**Instructions to follow**
Write out only the opening lines of the entries, through the line with "Diamond Art Kit".

Short web captions:
# # #
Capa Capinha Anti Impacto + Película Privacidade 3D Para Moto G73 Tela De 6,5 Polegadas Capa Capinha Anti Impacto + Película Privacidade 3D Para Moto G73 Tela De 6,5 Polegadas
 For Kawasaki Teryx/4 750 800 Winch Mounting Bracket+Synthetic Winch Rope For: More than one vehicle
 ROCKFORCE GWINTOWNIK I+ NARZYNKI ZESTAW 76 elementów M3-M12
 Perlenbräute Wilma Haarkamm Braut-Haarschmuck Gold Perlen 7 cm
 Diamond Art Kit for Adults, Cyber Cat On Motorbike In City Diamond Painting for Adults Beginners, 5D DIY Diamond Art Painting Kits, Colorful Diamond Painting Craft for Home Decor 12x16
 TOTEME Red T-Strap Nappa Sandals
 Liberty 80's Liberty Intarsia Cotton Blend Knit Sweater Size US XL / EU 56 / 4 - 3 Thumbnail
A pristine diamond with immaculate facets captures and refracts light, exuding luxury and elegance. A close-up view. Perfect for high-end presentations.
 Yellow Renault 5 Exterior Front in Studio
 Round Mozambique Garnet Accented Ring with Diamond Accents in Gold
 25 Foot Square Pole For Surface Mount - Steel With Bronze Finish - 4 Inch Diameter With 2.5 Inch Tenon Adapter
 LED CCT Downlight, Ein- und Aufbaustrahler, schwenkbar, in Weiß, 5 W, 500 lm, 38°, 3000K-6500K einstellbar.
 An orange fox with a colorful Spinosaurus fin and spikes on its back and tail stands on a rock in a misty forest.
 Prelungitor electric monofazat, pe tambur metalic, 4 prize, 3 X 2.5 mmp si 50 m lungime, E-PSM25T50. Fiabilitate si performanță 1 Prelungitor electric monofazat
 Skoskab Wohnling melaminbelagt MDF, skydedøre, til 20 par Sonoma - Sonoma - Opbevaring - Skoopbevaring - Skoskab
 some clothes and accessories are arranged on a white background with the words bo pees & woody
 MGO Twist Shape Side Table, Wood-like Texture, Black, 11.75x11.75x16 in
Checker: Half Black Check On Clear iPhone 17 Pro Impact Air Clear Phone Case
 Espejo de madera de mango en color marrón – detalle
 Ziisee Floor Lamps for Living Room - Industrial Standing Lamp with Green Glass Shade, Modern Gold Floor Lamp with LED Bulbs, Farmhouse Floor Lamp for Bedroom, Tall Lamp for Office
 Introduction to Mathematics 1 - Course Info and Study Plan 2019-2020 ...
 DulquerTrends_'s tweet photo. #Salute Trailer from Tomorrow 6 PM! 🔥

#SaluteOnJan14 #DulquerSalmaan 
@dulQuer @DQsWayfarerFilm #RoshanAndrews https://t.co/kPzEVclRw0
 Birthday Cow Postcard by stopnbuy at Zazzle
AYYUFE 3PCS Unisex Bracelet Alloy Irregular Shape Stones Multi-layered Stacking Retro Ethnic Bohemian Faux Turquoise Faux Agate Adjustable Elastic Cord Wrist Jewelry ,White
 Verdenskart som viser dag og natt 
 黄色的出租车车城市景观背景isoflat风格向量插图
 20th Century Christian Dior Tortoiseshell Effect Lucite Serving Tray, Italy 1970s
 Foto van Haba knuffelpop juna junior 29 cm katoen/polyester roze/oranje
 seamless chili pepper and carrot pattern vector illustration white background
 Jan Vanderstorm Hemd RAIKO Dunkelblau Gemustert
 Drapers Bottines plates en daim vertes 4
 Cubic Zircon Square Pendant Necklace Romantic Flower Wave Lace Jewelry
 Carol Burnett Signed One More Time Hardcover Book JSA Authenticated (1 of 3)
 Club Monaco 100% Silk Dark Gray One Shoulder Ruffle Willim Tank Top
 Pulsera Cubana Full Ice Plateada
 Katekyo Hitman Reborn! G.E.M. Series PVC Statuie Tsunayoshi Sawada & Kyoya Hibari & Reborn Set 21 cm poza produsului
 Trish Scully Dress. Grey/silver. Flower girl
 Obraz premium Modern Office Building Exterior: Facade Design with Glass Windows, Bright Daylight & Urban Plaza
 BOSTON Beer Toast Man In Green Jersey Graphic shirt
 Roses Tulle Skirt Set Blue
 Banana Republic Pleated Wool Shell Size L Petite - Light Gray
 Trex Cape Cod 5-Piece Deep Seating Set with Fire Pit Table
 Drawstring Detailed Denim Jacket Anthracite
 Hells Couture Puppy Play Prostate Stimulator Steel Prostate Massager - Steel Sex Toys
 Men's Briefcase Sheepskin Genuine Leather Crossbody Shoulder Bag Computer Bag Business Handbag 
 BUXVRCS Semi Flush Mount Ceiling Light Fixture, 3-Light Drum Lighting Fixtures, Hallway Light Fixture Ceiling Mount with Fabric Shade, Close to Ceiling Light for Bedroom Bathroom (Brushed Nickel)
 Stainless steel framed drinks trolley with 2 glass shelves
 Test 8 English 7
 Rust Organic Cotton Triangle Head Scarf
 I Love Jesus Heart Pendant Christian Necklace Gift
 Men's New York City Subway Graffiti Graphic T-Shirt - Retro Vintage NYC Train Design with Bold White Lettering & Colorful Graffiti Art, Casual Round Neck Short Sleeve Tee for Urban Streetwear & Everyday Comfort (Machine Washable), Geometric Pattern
# # #
**Result below**
Capa Capinha Anti Impacto + Película Privacidade 3D Para Moto G73 Tela De 6,5 Polegadas Capa Capinha Anti Impacto + Película Privacidade 3D Para Moto G73 Tela De 6,5 Polegadas
 For Kawasaki Teryx/4 750 800 Winch Mounting Bracket+Synthetic Winch Rope For: More than one vehicle
 ROCKFORCE GWINTOWNIK I+ NARZYNKI ZESTAW 76 elementów M3-M12
 Perlenbräute Wilma Haarkamm Braut-Haarschmuck Gold Perlen 7 cm
 Diamond Art Kit for Adults, Cyber Cat On Motorbike In City Diamond Painting for Adults Beginners, 5D DIY Diamond Art Painting Kits, Colorful Diamond Painting Craft for Home Decor 12x16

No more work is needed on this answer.